Chronology of Bill in the War

Bill was born in Hamilton, Ohio on October 5, 1922. After completing high school on April 23, 1940 he got work in a nearby paper mill as a back tender until November, 1942. On November 7, 1942 he enlisted in the regular Army, but quite soon after he volunteered for the Airborne. He completed basic training at Camp Wheeler, Georgia and upon completion was transferred to attend paratrooper jump school at Fort Benning, Georgia. He graduated with his coveted silver ‘Jump Wings’ in February 1943.

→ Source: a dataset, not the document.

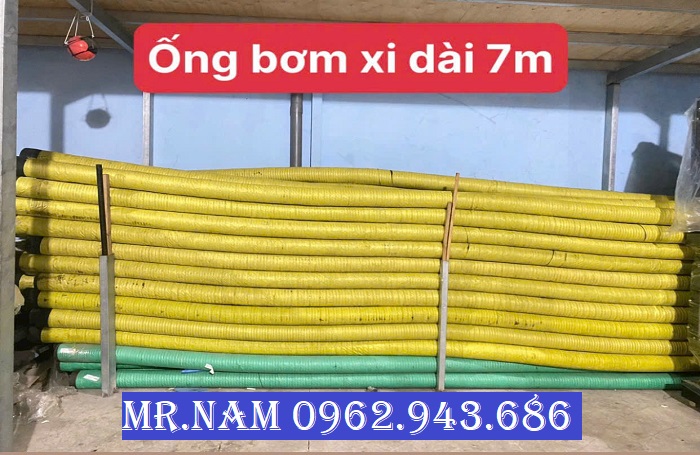 ỐNG XẢ XI 7M VÀ 8M TRÊN MOOC XI MĂNG – GIẢI PHÁP HIỆU QUẢ CHO VIỆC XẢ XI NHANH CHÓNG VÀ AN TOÀN.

Bill landed with the 82nd Airborne Division at Casablanca, French Morocco on May 10, 1943. He was transferred from his original company and assigned to Service Company 505 on May 26, 1943. He fought in the Sicily jump and invasion near Gela on July 9, 1943; the Salerno jump, near Paestum on the Italian mainland on September 13, 1943; the Normandy jump and invasion on June 6, 1944; and Operation Market Garden in Holland on September 17, 1944. Between December 1944 to February 1945, Bill served through numerous engagements and movements including among others: the Battle of the Bulge in the Ardennes; the Hürtgen forest; the Siegfried Line; and deep into northern Germany. His last engagement and one of the final assaults of the war was crossing the Elbe River on April 30, 1945. After victory in Europe was declared on May 8, 1945, the 82nd Airborne was reformed and sent to Berlin for occupation duty. During this time period, Bill was assigned to the 82nd Parachute Maintenance Company. The war was over, but not for Bill and his fellow paratroopers. In Berlin, he survived dangerous encounters with remnant Hitler Youth and out of control Russian troops. His occupation duty lasted from August 1 – November 1, 1945. He returned home on November 11, 1945 and was separated from the army on November 15 of the same year. After the war Bill made the difficult transition from a soldier to a civilian, taking his old job at the paper mill. Later he married and had a family.

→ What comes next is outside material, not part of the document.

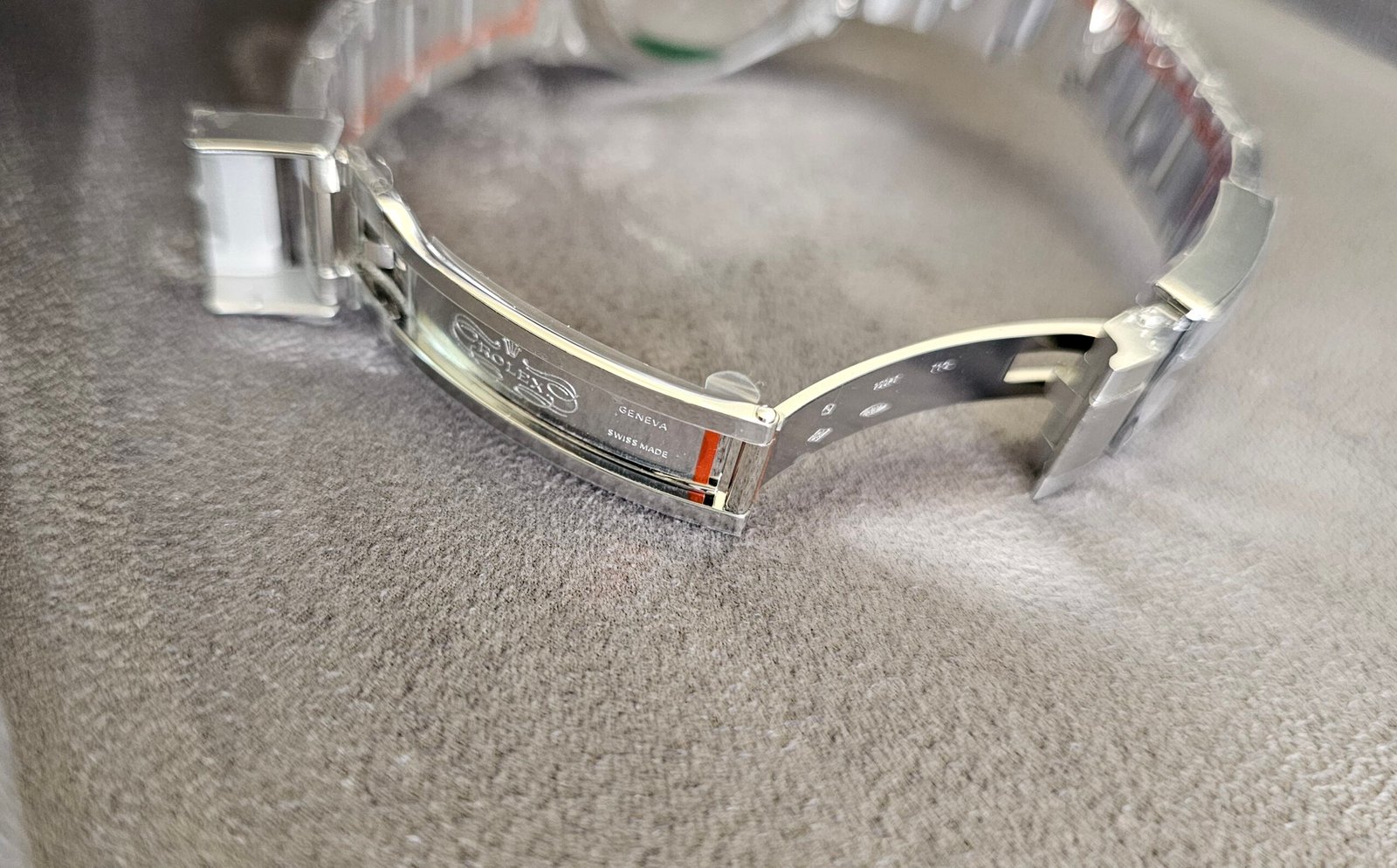 Rolex Daytona Platinum Ice Blue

© Copyright Jeffrey Clark 2009 - 2010 All Rights Reserved.

Friday, December 11, 2009


Since 2006, I’ve been researching a book about my uncle – William (Bill) Clark – and his involvement in  WWII as a paratrooper in the 82nd Airborne’s 505th Parachute Infantry Regiment. So far there’s over 200 pages written. The book follows Bill’s journey from his humble beginnings as a mid-west farm boy through his voluntary enrollment in the Airborne, and his bravery and sacrifice over his years as a paratrooper.

Stories like Bill’s are needed to pay tribute to him and the many thousands of his comrades in arms on all fronts during WWII.

I’m looking forward to sharing  some of what I’ve discovered with you.